* **WHAT IS NEEDED**:
The exercise asks you to copy every line below in which "Water" appears.

(Short descriptive text snippets)

-------------------------

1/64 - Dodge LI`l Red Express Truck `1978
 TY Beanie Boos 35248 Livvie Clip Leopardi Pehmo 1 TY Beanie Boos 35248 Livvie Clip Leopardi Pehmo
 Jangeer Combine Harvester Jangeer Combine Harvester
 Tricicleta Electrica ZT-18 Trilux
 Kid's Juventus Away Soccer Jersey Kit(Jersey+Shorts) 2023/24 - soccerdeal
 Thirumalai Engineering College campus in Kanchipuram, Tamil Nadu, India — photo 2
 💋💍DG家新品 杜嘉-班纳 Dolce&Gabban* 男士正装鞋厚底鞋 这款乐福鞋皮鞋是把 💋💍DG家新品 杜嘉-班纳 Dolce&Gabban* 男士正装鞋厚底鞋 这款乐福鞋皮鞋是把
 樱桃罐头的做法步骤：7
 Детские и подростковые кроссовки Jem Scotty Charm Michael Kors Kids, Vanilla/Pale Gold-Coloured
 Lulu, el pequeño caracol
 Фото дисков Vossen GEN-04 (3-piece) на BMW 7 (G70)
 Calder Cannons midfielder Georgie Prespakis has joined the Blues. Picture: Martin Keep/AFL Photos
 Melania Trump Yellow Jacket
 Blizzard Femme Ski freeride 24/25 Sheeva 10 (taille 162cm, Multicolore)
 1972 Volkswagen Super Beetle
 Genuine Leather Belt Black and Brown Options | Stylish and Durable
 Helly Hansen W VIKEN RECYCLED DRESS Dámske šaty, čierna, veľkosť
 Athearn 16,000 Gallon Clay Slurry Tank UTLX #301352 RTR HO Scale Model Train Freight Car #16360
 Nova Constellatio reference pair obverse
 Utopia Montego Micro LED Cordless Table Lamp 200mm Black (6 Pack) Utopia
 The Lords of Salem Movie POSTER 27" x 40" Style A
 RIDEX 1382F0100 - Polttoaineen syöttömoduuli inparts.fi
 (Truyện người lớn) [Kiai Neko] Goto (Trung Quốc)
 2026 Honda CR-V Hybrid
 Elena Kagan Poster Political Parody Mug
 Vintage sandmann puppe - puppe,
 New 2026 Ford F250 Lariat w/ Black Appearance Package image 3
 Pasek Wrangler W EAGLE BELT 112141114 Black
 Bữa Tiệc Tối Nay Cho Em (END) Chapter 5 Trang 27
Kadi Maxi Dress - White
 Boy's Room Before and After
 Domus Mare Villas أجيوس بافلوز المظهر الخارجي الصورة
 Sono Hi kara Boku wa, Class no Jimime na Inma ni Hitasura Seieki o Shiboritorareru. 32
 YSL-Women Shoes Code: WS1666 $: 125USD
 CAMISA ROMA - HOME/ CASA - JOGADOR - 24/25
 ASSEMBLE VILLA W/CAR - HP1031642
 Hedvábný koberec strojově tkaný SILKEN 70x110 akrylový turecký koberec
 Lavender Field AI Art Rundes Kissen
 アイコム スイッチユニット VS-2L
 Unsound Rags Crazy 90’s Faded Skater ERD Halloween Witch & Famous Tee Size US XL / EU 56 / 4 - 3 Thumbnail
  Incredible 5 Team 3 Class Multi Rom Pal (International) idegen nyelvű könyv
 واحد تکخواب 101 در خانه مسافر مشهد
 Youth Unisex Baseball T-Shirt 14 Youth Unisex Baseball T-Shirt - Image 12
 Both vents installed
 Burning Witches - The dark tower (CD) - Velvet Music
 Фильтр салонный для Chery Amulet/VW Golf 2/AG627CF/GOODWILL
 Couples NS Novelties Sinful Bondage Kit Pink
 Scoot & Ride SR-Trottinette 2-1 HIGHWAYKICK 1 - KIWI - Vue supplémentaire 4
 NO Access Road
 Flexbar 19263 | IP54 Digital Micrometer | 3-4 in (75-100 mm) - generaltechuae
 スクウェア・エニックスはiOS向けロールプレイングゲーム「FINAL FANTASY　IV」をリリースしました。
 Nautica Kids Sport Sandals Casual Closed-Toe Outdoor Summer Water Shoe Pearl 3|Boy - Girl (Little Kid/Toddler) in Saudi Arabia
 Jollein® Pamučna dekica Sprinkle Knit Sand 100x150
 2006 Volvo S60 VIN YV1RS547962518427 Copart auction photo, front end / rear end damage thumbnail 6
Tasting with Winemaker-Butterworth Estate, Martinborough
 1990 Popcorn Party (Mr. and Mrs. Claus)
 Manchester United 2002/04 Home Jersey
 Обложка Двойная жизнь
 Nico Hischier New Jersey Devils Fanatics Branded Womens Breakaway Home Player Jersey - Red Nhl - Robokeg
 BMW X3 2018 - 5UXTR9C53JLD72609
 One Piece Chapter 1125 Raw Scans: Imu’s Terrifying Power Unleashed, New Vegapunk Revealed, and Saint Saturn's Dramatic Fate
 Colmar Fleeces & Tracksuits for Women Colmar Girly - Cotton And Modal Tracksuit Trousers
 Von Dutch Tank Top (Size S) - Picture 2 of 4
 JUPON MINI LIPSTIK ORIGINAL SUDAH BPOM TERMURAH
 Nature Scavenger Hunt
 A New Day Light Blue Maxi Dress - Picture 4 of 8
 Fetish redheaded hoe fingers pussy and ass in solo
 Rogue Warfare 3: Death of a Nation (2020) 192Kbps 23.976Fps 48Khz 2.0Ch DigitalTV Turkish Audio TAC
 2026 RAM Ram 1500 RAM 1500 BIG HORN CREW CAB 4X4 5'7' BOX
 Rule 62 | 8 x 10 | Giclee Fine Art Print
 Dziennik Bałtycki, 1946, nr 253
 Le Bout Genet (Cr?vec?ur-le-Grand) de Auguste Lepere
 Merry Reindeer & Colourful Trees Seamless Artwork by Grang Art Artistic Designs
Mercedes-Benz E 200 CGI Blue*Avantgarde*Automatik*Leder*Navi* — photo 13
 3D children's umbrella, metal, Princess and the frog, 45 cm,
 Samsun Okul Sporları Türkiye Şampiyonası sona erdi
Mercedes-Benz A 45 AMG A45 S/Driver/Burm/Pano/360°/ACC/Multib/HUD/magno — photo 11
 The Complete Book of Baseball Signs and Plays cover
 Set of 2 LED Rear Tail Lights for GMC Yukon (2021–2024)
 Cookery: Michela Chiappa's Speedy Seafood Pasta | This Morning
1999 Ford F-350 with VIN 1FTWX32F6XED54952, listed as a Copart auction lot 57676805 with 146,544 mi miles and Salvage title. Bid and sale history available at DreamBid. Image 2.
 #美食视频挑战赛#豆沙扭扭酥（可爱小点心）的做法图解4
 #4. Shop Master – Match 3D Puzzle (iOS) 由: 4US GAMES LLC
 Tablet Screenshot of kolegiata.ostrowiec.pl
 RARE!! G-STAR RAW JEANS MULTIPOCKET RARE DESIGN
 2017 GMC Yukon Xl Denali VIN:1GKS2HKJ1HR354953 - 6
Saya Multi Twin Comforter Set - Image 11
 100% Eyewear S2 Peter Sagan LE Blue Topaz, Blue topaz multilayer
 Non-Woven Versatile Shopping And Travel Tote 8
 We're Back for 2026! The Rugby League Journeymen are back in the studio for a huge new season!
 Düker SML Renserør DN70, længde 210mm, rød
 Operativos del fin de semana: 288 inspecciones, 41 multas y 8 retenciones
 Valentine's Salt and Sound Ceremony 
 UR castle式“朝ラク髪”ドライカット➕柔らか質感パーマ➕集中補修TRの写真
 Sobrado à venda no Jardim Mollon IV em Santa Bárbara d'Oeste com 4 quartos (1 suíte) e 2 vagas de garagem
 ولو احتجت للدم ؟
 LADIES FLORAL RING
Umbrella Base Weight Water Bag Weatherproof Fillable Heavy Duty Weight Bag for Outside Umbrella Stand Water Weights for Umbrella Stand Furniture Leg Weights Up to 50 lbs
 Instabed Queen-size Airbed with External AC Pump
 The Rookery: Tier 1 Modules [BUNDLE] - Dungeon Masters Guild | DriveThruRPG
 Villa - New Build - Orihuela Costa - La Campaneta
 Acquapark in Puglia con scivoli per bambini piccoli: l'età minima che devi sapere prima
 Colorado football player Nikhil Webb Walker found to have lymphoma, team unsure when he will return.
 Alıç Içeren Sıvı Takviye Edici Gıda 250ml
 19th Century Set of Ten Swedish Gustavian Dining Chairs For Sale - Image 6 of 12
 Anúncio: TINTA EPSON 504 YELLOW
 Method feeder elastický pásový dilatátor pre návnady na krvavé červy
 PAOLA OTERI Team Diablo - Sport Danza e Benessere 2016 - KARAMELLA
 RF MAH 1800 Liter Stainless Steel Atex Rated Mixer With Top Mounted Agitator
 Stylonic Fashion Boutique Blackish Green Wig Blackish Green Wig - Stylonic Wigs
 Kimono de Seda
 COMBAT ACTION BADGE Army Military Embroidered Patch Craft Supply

-------------------------

* **RESULT OF THE EXERCISE**:
 Nautica Kids Sport Sandals Casual Closed-Toe Outdoor Summer Water Shoe Pearl 3|Boy - Girl (Little Kid/Toddler) in Saudi Arabia
Umbrella Base Weight Water Bag Weatherproof Fillable Heavy Duty Weight Bag for Outside Umbrella Stand Water Weights for Umbrella Stand Furniture Leg Weights Up to 50 lbs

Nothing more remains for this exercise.